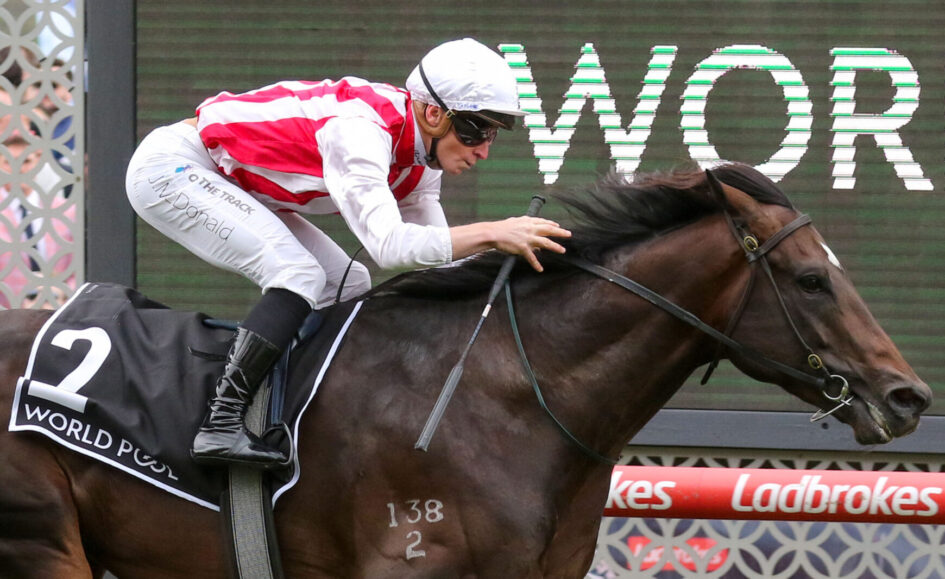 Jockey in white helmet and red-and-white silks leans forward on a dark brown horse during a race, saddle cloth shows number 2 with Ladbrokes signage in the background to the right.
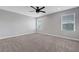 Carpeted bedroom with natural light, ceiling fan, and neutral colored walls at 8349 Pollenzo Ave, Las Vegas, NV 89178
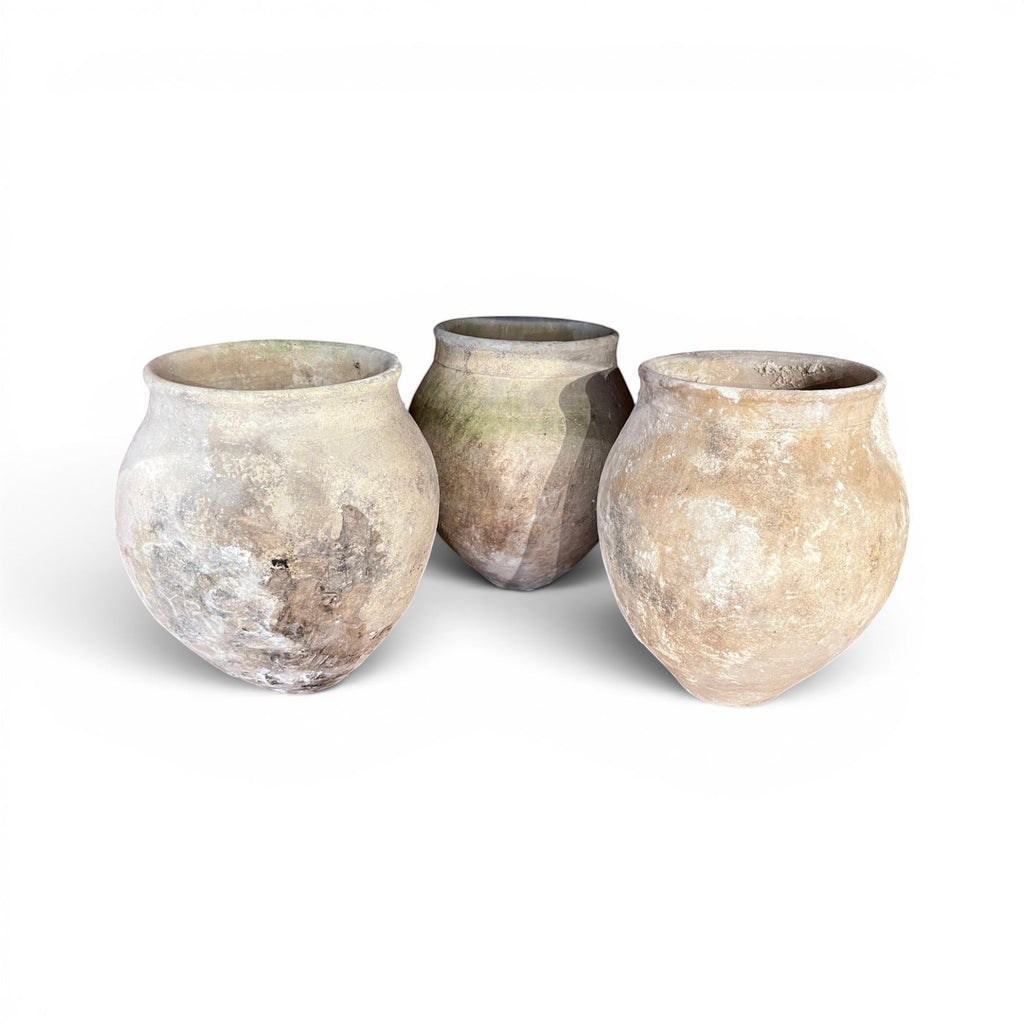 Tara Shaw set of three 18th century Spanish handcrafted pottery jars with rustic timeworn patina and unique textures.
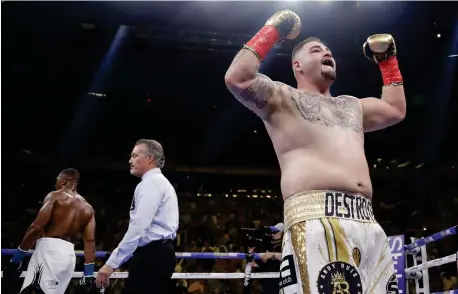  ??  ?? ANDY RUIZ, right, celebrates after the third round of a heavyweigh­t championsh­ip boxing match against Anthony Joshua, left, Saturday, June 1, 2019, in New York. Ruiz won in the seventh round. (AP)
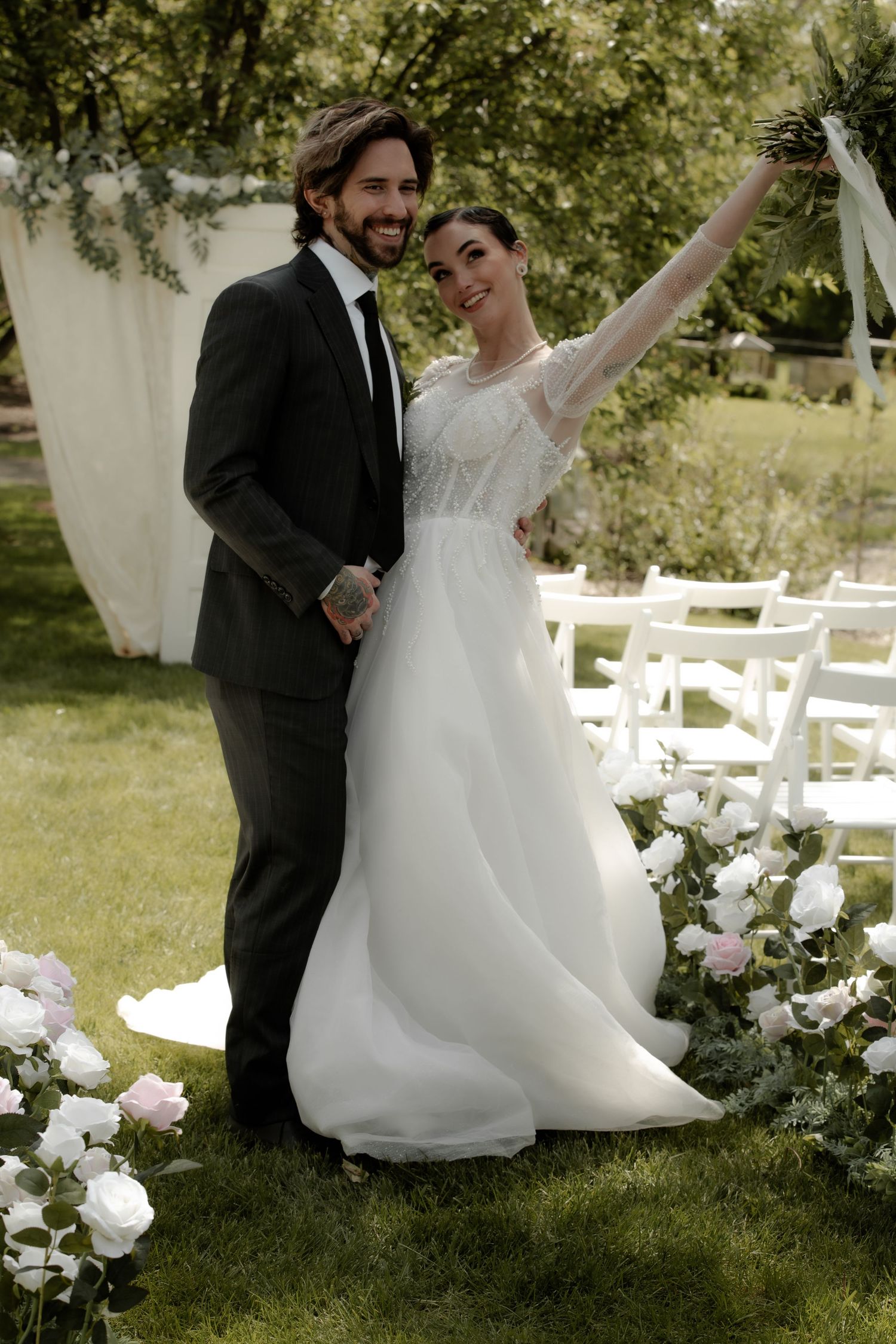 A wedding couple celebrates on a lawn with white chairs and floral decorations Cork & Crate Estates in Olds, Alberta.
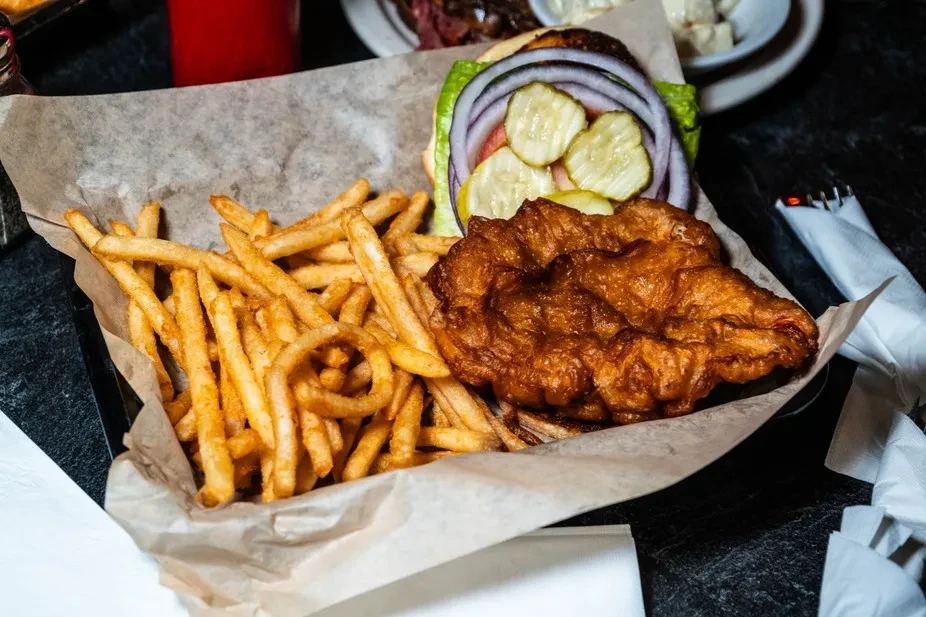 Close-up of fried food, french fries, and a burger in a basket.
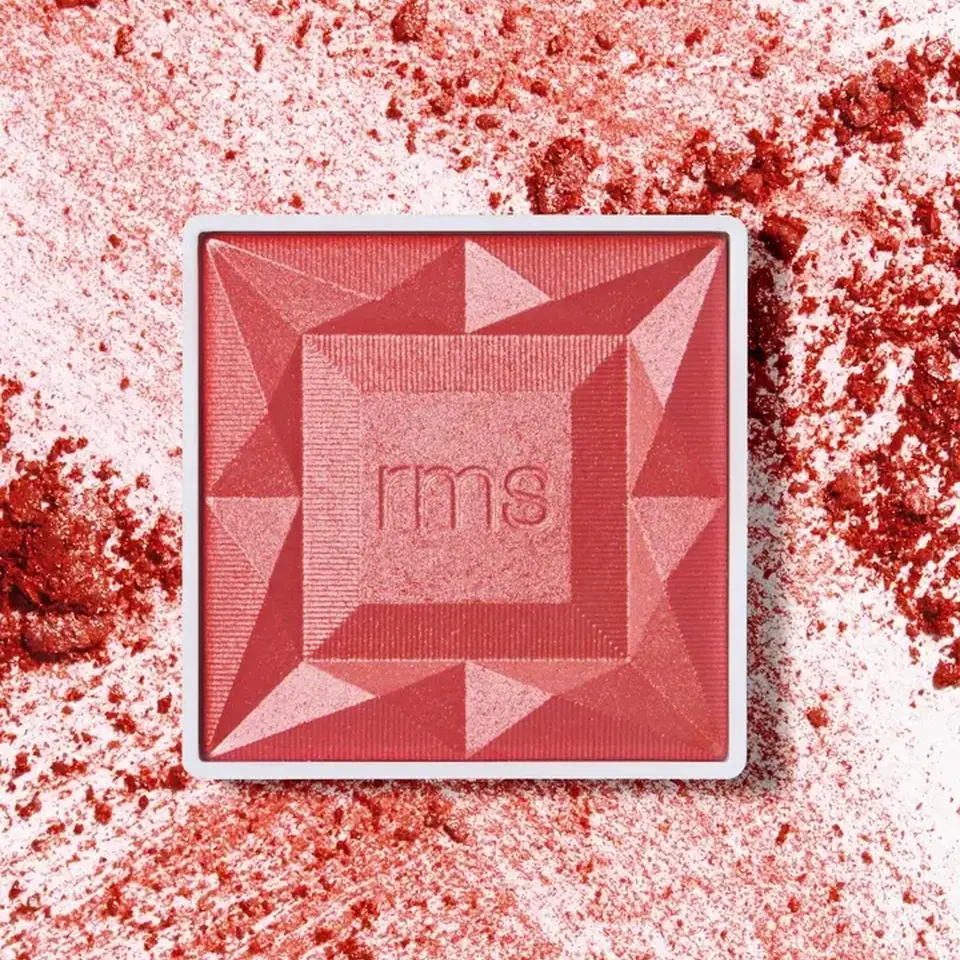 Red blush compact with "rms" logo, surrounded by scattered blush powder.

————

Exercise description → Transcribe all of the records above exactly; no image should appear in what you write.

Exercise solution →
 Jockey in white helmet and red-and-white silks leans forward on a dark brown horse during a race, saddle cloth shows number 2 with Ladbrokes signage in the background to the right.
 Carpeted bedroom with natural light, ceiling fan, and neutral colored walls at 8349 Pollenzo Ave, Las Vegas, NV 89178
 Tara Shaw set of three 18th century Spanish handcrafted pottery jars with rustic timeworn patina and unique textures.
  ??  ?? ANDY RUIZ, right, celebrates after the third round of a heavyweigh­t championsh­ip boxing match against Anthony Joshua, left, Saturday, June 1, 2019, in New York. Ruiz won in the seventh round. (AP)
 A wedding couple celebrates on a lawn with white chairs and floral decorations Cork & Crate Estates in Olds, Alberta.
 Close-up of fried food, french fries, and a burger in a basket.
 Red blush compact with "rms" logo, surrounded by scattered blush powder.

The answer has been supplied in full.